Xi Jinping, der Friedensfürst? Hier bahnt sich eine zweite gigantische Fehleinschätzung an.
Daneben liegt schon, wer auch nur glaubt, aktuelle Gründe hätten Xi bewogen, nach Moskau zu reisen. Der Gebieter über 1,4 Milliarden Menschen hält schlicht an seinen ganz eigenen Routinen fest. Schon im Jahr 2013 führte Xis erste Auslandsreise als Staatschef nach Moskau. 2018 ging es so weiter. Und nachdem Xi jetzt seine dritte Amtszeit durchgesetzt hat, geht der erste Flug überraschungsfrei abermals zu Putin. Das einzig Neue liegt darin, das gegen „den lieben Freund“ ein Haftbefehl des Internationalen Strafgerichtshofs vorliegt.

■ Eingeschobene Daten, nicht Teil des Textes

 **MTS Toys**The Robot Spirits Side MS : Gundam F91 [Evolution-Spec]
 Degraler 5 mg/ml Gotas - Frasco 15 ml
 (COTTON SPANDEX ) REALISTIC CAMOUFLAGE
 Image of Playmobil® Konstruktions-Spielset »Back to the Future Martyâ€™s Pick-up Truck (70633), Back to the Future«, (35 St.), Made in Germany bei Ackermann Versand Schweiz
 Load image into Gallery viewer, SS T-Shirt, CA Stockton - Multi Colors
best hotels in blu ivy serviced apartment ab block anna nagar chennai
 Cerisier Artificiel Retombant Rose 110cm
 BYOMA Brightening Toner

Indem Xi und Putin einander trotz alledem die Hände schütteln, zeigen beide, wie herzlich egal ihnen der Rest der Welt ist. Doch damit nicht genug. Am Vorabend des Russland-China-Gipfels machte Putin das Bild von Starrsinn und Zynismus noch komplett. Erstmals stattete der Kriegsherr dem von ihm zerstörten Mariupol einen Besuch ab – und trat damit die Gefühle unzähliger Menschen mit Füßen, deren Angehörige in der ukrainischen Hafenstadt starben oder verkrüppelt wurden, deren Häuser zusammensanken und deren Kinder verschleppt wurden.
In Chinas Zwölf-Punkte-Papier zum Krieg in der Ukraine kommen die russischen Kriegsverbrechen nicht vor. Auch der Gedanke, dass es dem Frieden dienen würde, als erstes die am 24. Februar 2022 völkerrechtswidrig in die Ukraine eingedrungenen russischen Truppen zurückzuziehen, findet sich darin nicht. Mal ehrlich: Wie könnte ein Friedensplan für die Ukraine aussehen? Jeder moderne Chat-Roboter liefert dazu auf Knopfdruck Redlicheres und Klareres als alles, was Peking dazu von sich gibt.

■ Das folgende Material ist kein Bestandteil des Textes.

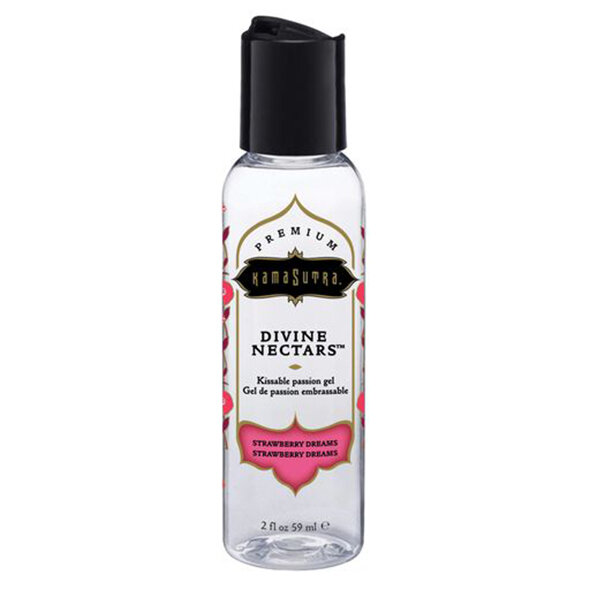 Kama Sutra Divine Nectare K&ouml;rpergel Erdbeertr&auml;ume 59 ml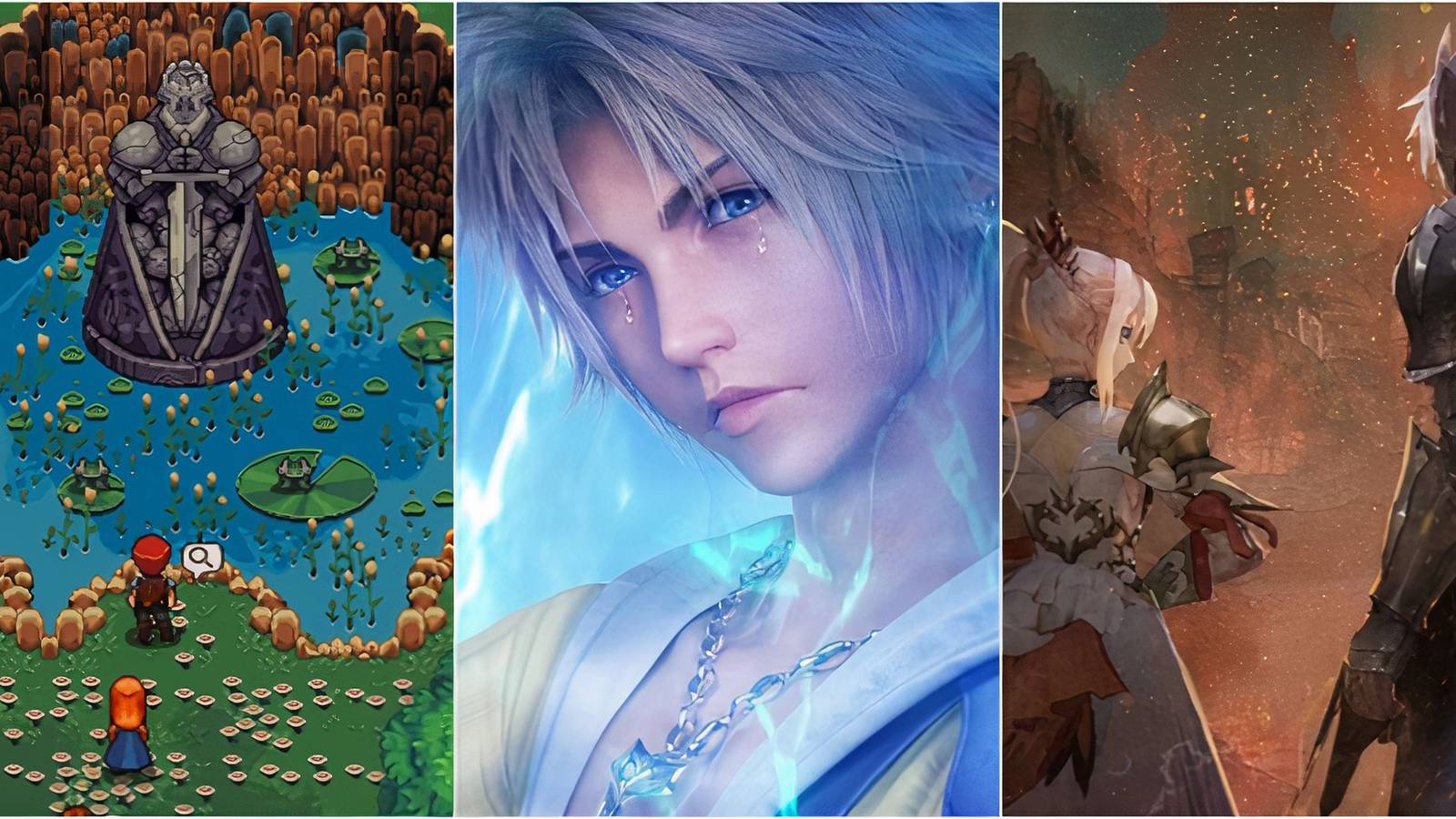 Feature image for best JRPGs that let you swap characters mid-fight.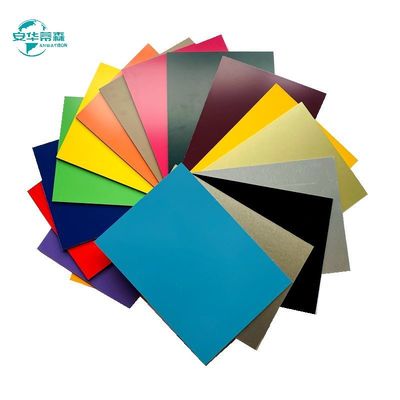 1220mm*2440mm PE PVDF Aluminium Composite Panel ACM Sheets Untuk Lapisan Luar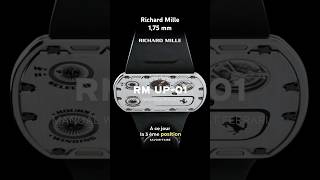 Les 3 montres les plus fines/ plates au monde #bvlgari #richardmille #konstantinchaykin #watches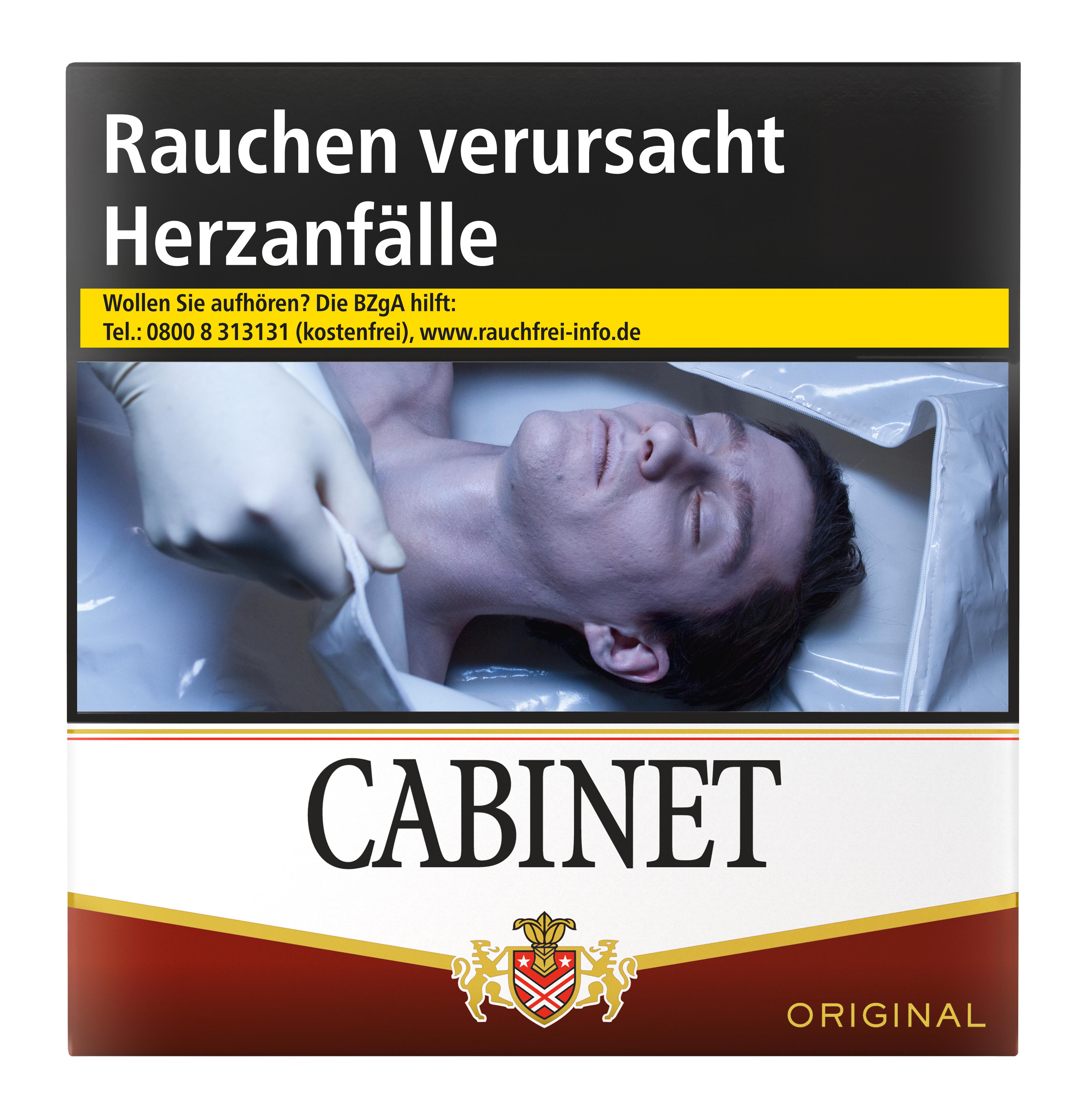 Cabinet Original MP Zigaretten 1 Stange 4x40 Stück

Wird Xi in Moskau dennoch von Frieden reden? Natürlich. Der chinesische Staatschef hat zwei Gesichter. Das freundlichere wird er in nächster Zeit in Richtung Europa zeigen – und zugleich auf böse Kräfte in den USA verweisen. Teile und herrsche, divide et impera – das war schon im alten Rom ein bewährtes Konzept.
Für Xi bietet sich in der Ukraine die Chance, nach und nach zwei Fliegen mit einer Klappe zu schlagen. Russland könnte langfristig aufgerieben, der Westen langfristig auseinander getrieben werden.
Schreiten beide Prozesse 2024, im Jahr der Präsidentschaftswahl in den USA, weiter voran, wäre der historische Gewinner ironischerweise eine Nation, die keinen Schuss abgefeuert und keinen Panzer geliefert hat: China.
Begeistert wäre der chinesische General und Philosoph Sun Tzu. Der lehrte schon vor zweieinhalbtausend Jahren, wie ein Staat elegant und effektiv zugleich zu mehr Macht gelangen kann: „Die größte Leistung besteht darin, den Widerstand des Feindes ohne einen Kampf zu brechen.“
Oft wird der Ukraine-Konflikt als militärische Herausforderung für den Westen beschrieben, zunehmend auch als ökonomische. Der Anfang von allem aber liegt im Strategischen. Die USA und die Europäische Union müssen aufpassen, dass sie nicht absinken zu kleinen Figuren in Xis großem Spiel.
Krieg oder Frieden? Xi Jinping bleibt im Ukraine-Konflikt an einem Schwebezustand interessiert. Das festigt seine Macht. Ihm genügt der Eindruck, dass er die Puppen in die Hand nehmen und an den Fäden ziehen könnte, wenn er wirklich wollte. Vieles ist möglich: ein Friedenssignal hier, eine kleine Geste der Demütigung Putins dort. Einstweilen aber genießt Xi seine neue Rolle: die des unbewegten Bewegers.